A equipe realizou um levantamento espectroscópico cósmico utilizando telescópios do Institute for Radio Astronomy in the Millimeter Range (IRAM), localizado perto de Grenoble, França. A análise da região G+0.693-0.027, a cerca de 27 mil anos-luz da Terra, revelou 12 linhas espectrais correspondentes ao eritrulose. Os pesquisadores mediram pelo menos oito vezes mais desse açúcar do que em açúcares de três carbonos encontrados na mesma nuvem.
Segundo a coautora Izaskun Jiménez-Serra, astrofísica do Centro de Astrobiología (CAB), os achados foram inesperados.

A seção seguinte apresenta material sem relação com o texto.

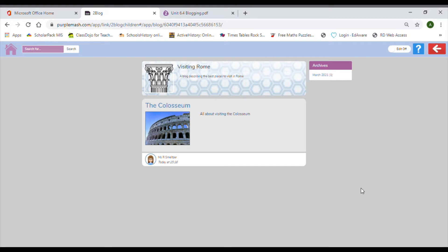This is my example blog, made using 2Blog, which will be available to you on Purple Mash — but we're not starting with it today, that's from next week. Going through some features: we've got the home button and search bar, which we don't need to worry about for now. My blog title is 'Visiting Rome', so anyone who comes across this blog will know exactly what all the posts are going to be about — everything will be related to Rome. I've also got a description: 'describing the best places to visit in Rome.'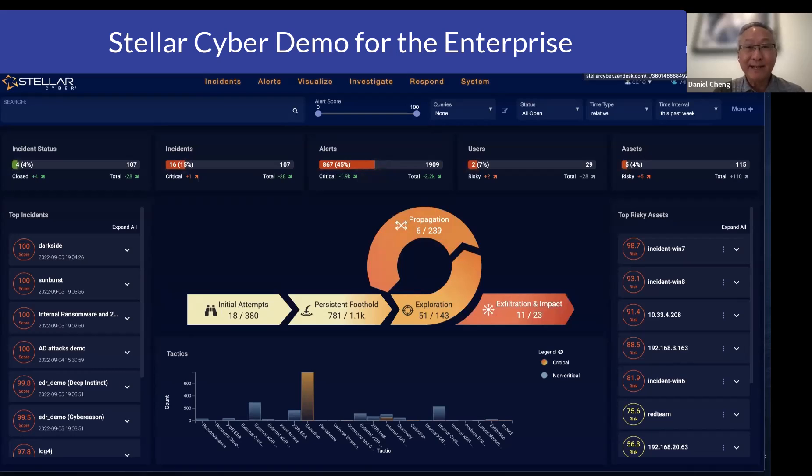Hi, my name is Daniel Cheng, SE Manager for the Americas at StellarCyber.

Investigações complementares, feitas por químicos da University of Extremadura e Radboud University, determinaram que o eritrulose pode se formar em partículas de gelo interestelar a partir de álcoois mais simples.
Os cientistas calcularam que entre 0,5 e 55 milhões de toneladas do açúcar podem ter atingido a Terra entre 3,8 e 4,1 bilhões de anos atrás, durante o período conhecido como Late Heavy Bombardment. O astrobiólogo Carlos Briones comentou que a detecção abre a possibilidade de encontrar outros açúcares importantes para a origem da vida no espaço, como a ribose.